Terrific Tahlia helps Dees dismantle Roos

NAARM returned to the top of the AFLW ladder over the weekend with a 23-point win over the Kangaroos.

One of the most influential performances of the night belonged to defender Tahlia Gillard. Not one to normally attract much of the media limelight, Gillard is the kind of player who just quietly goes about her job and that is very much what she did on Saturday night. She is someone who took the opportunity she was given last year for more regular game time, and has really made the most of it.

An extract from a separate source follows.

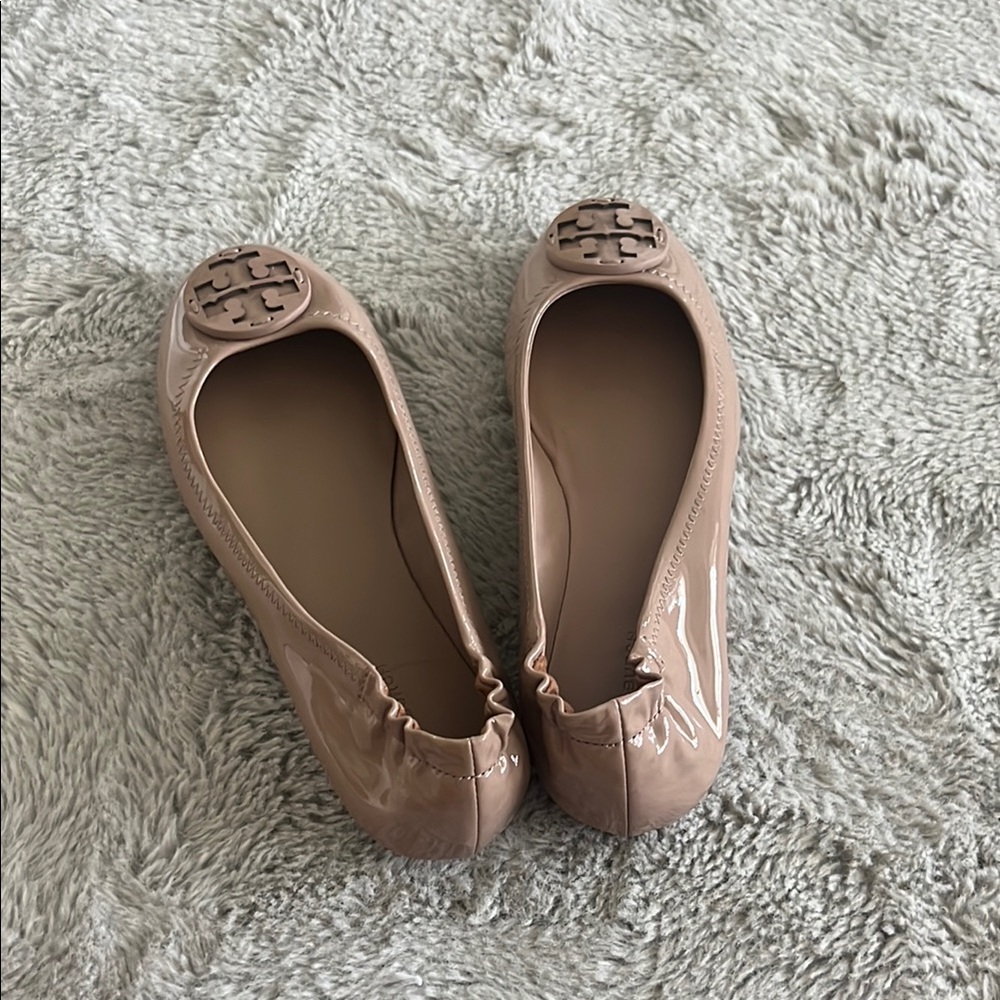 Tory Burch Tan Leather Flats with Logo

She played on Kate Shierlaw for much of the night on Saturday night, and restricted the star forward to only nine disposals and no goals. Shierlaw still took four marks, but thanks to pressure from Gillard and the rest of the Naarm defence she dropped many more than that.

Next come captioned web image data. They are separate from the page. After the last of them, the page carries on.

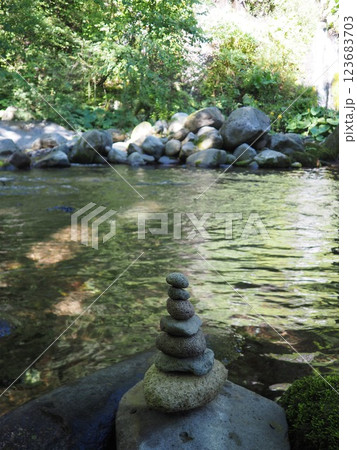 静寂の中に積まれた石と川の流れ 123683703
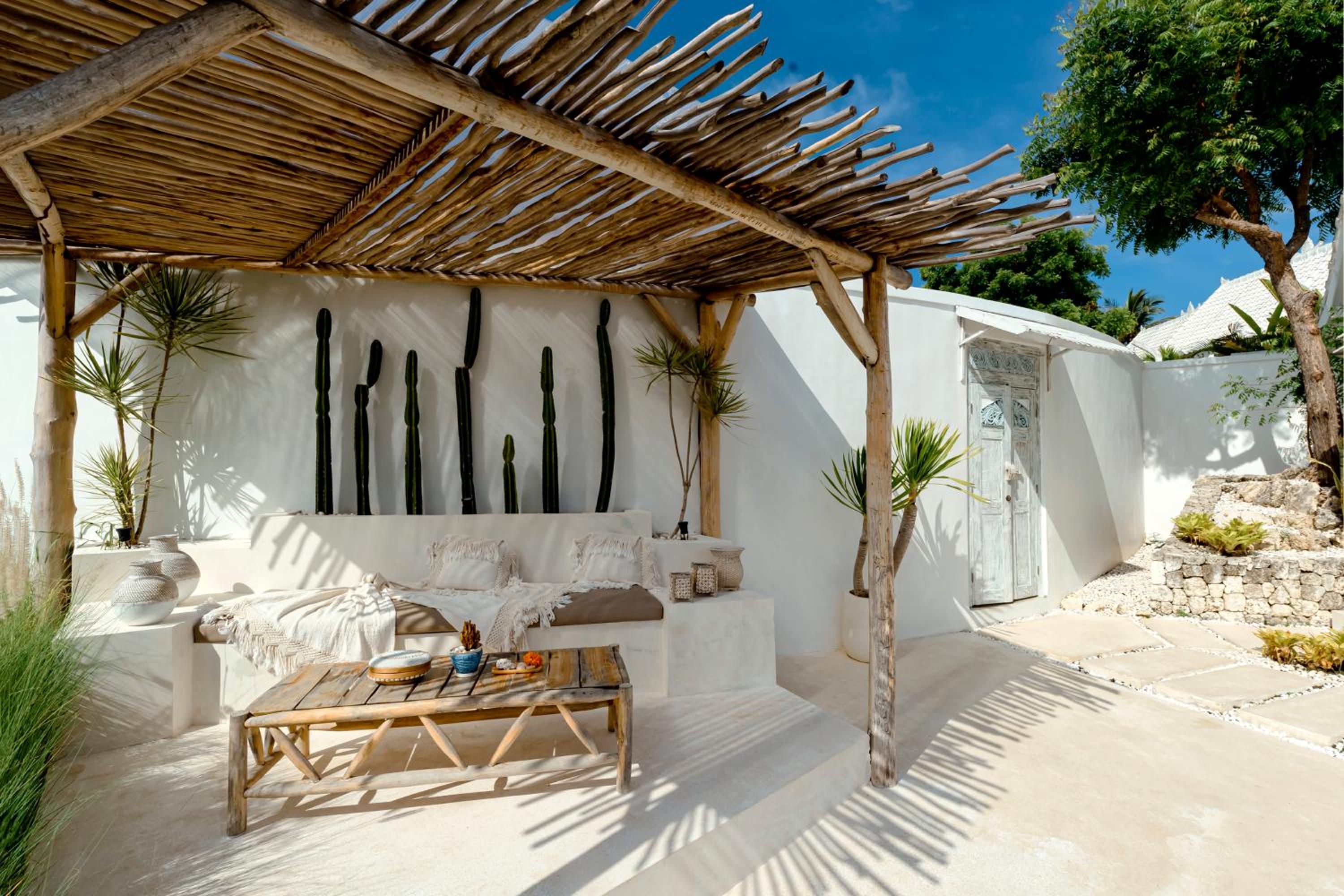 Suite with Private Pool photo 2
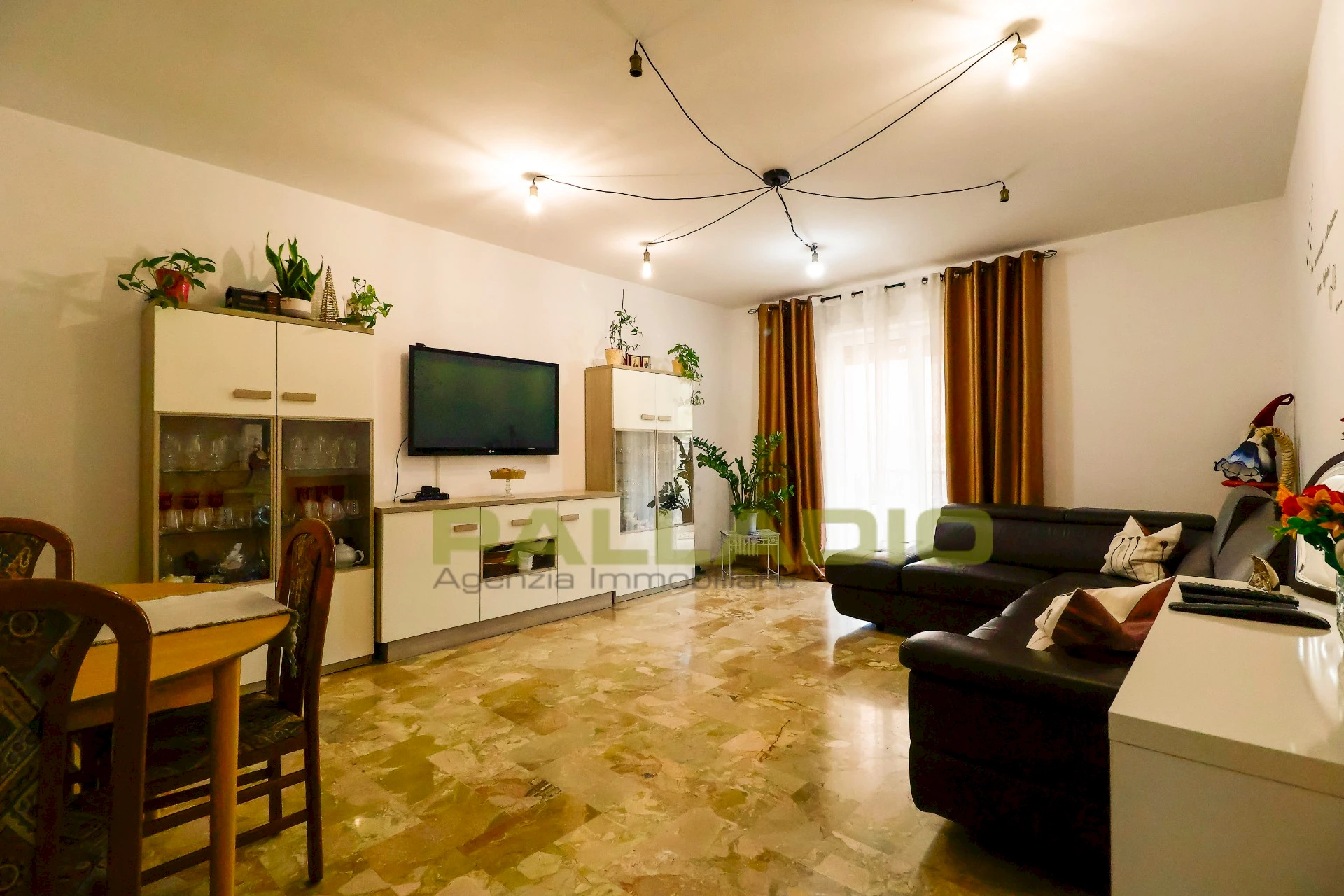 Aosta Ampio e Luminoso Appartamento Facente Parte Complesso Residenziale Riqualificato Tramite Superbonus 110% Foto 9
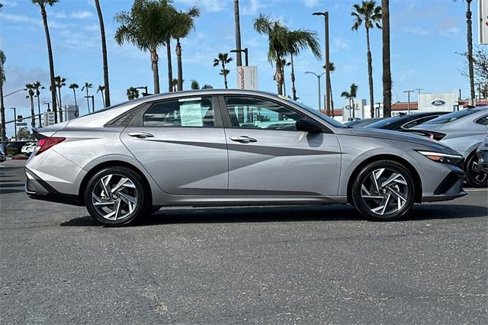 Certified 2025 Hyundai Elantra Sport image 3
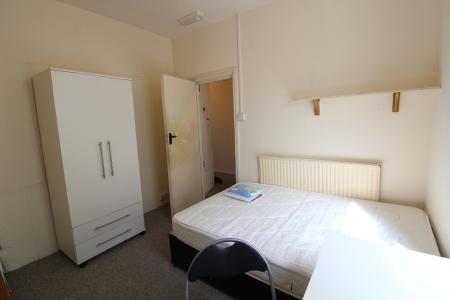 4 bedroom Terraced House to let in Lewes Road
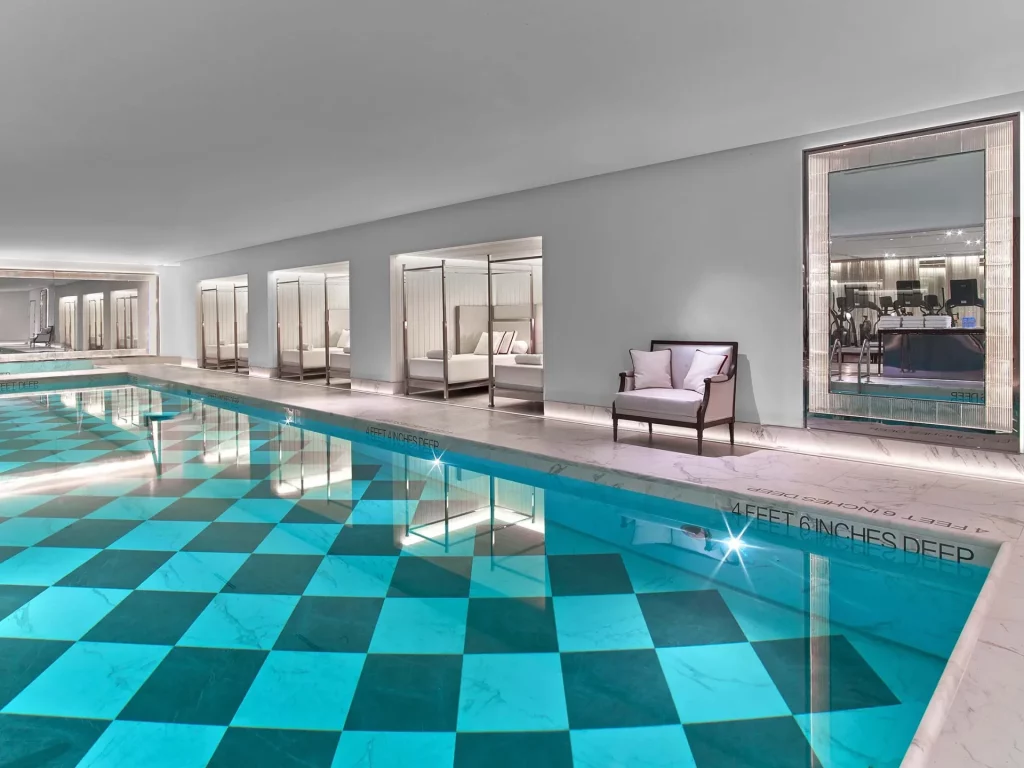 voyages-de-luxe-hotels-baccarat-hotel-new-york-pool-_hotel_nyc_june_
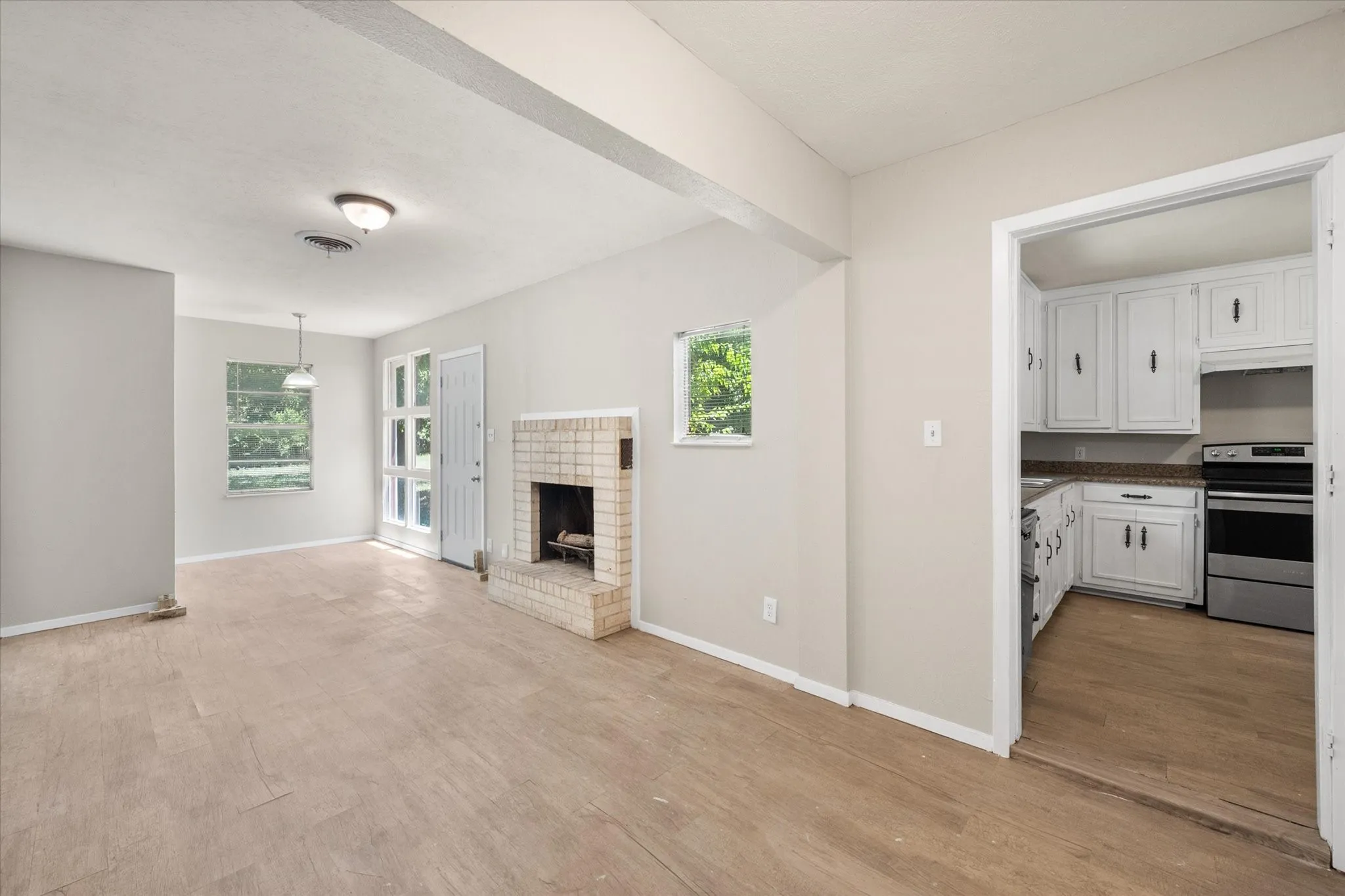 Single Family Residence For Rent in Tarrant County , 2716 Scruggs Park Drive, Richland Hills, Texas 76118, 4 Bedroom, 2 Bathroom, 2 Garage spaces, 2,142 Sqft, built in 1953, mls#21412162, Real Estate Agent in Richland Hills, Homes For Rent in Tarrant county, Homes For Rent in Richland Hills, Realtor in Richland Hills Texas, Real Estate Brokerage Independent Realty Texas, Luminita Cordes Realtor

A stereotype defying defender, Gillard was able to utilise her strengths on Saturday night to really restrict North’s what is normally really dominant tall forward line.

Tahlia Gillard Stats vs North Melbourne

Disposals: 13 (8 contested and 5 uncontested)
Marks:
5
Tackles:
2
Metres Gained:
167
Contested Marks: 1
Inside 50s: 4
Score Involvements:
1
Intercept Possessions:
11
Disposal Efficiency:
76.9%

One of the strongest aspects of Gillard’s game is her ability to spoil, even from behind, which was again on full display on Saturday night. Using her advantage to her full advantage, she is able to spoil the ball in a pack situation, even carefully doing it from behind at times and avoiding high contact free kicks. This happens both in moving packs and stationery packs.

Another strong component of Gillard’s game is her intercept ability. With her height and strong positioning skills, she is really good at intercepting the long kicks coming down the ground. This was not just in defence too, but was also in the middle of the ground and even as far up as on the 50m arc of Naarm’s forward line as part of the wall.

The combination of these two skills in Gillard’s game really made it tough for North Melbourne to score in the dominant way they have for much of this season. North Melbourne’s dominant tall forwards struggled to take marks with anywhere the level of ease as they had earlier in the season, and that exposed how reliant North Melbourne is on its tall forwards.

Gillard’s intercept work even proved frustrating for North’s defenders in the last quarter. Gillard had pushed up to be a part of the wall around Naarm’s forward 50, and in the Kangaroos’ desperation to escape their defensive 50, they kept kicking long in the hope to find a target. Unfortunately for the Kangaroos, that target was often Gillard.